▶ [What you should do]: Transcribe all of the data verbatim, please, and leave out its pictures.

▶ [Available data]:
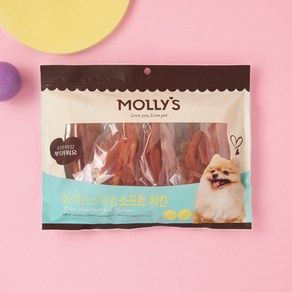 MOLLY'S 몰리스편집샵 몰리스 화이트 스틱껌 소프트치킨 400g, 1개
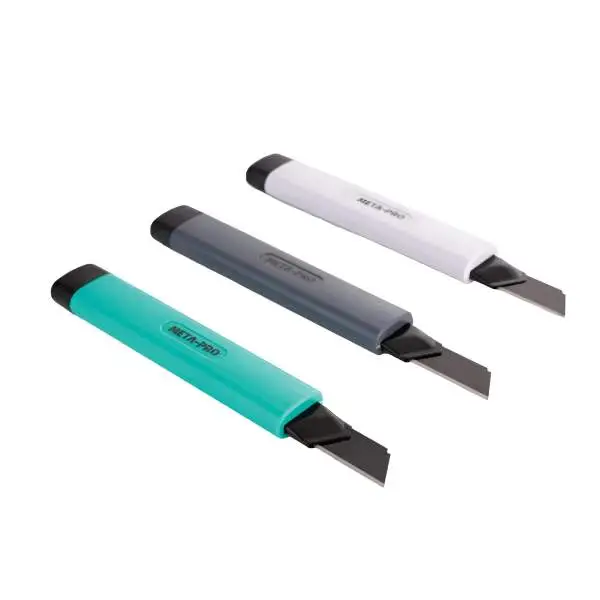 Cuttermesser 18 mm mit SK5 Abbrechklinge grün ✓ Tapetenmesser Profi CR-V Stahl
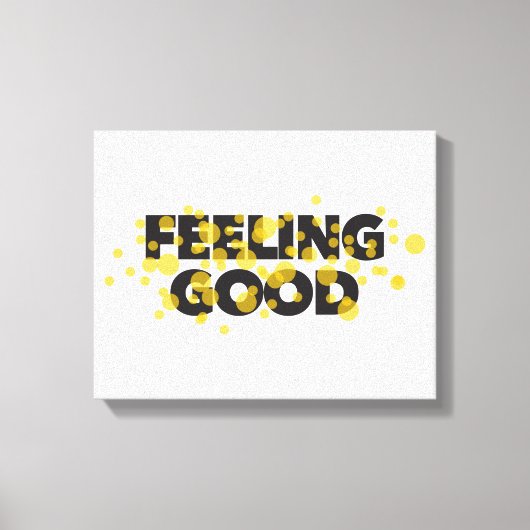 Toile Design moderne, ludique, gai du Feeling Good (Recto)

▶ [Your solution]:
 MOLLY'S 몰리스편집샵 몰리스 화이트 스틱껌 소프트치킨 400g, 1개
 Cuttermesser 18 mm mit SK5 Abbrechklinge grün ✓ Tapetenmesser Profi CR-V Stahl
 Toile Design moderne, ludique, gai du Feeling Good (Recto)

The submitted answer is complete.